===== PROVIDED DATA

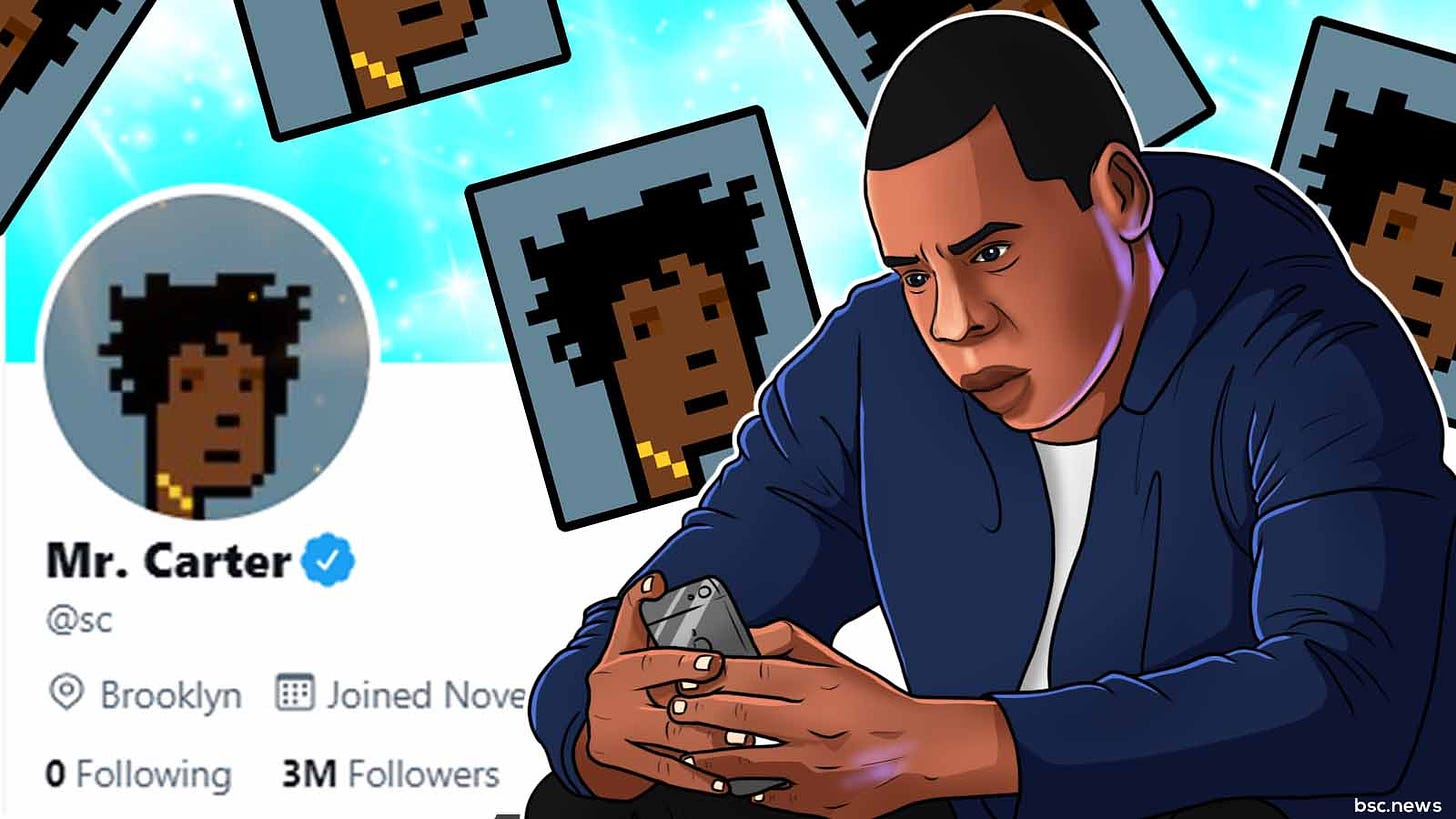 Jay Z Changes Twitter Profile to CryptoPunk NFT And Lists NFT on Sotheby&#39;s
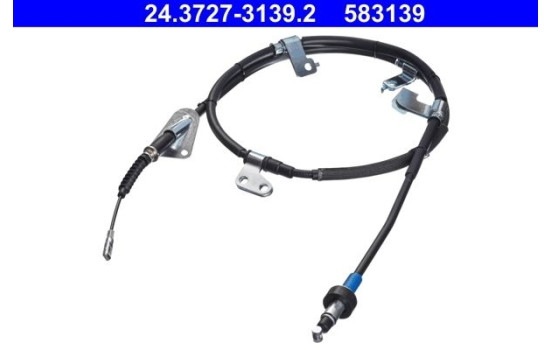 Cable Pull, parking brake 24.3727-3139.2 ATE, Image 2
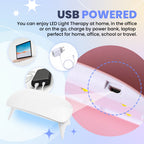 Aurenza Shop SUPTRUCK™ Nail Fungus LED Light Therapy Device for effective nail fungus treatment, shown with its sleek design.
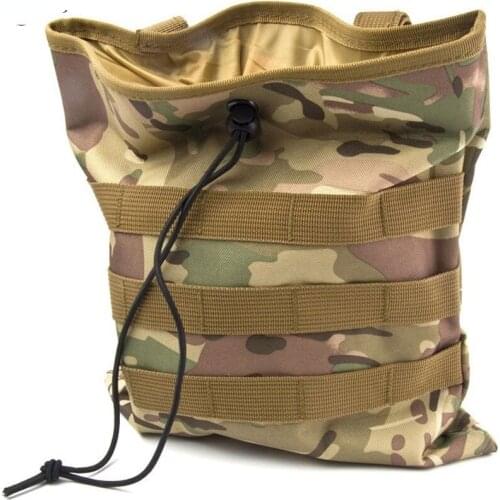 SINAIRSOFT Large Capacity Military Tactical Molle Belt Airsoft Paintball Hunting Magazine Pouch Dump Drop Reloader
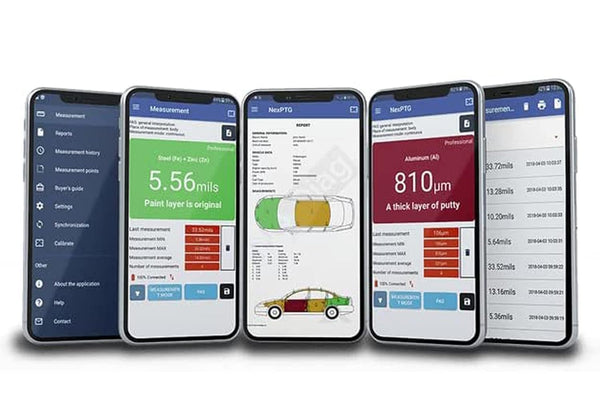 NexPTG Professional Automotive Paint Thickness Gauge with Bluetooth App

==========

WHAT TO WORK ON ->
Your output should consist solely of the lines from the line containing "SINAIRSOFT Large Capacity" through the last line of the entries, verbatim, minus any pictures.

EXERCISE RESPONSE ->
 SINAIRSOFT Large Capacity Military Tactical Molle Belt Airsoft Paintball Hunting Magazine Pouch Dump Drop Reloader
 NexPTG Professional Automotive Paint Thickness Gauge with Bluetooth App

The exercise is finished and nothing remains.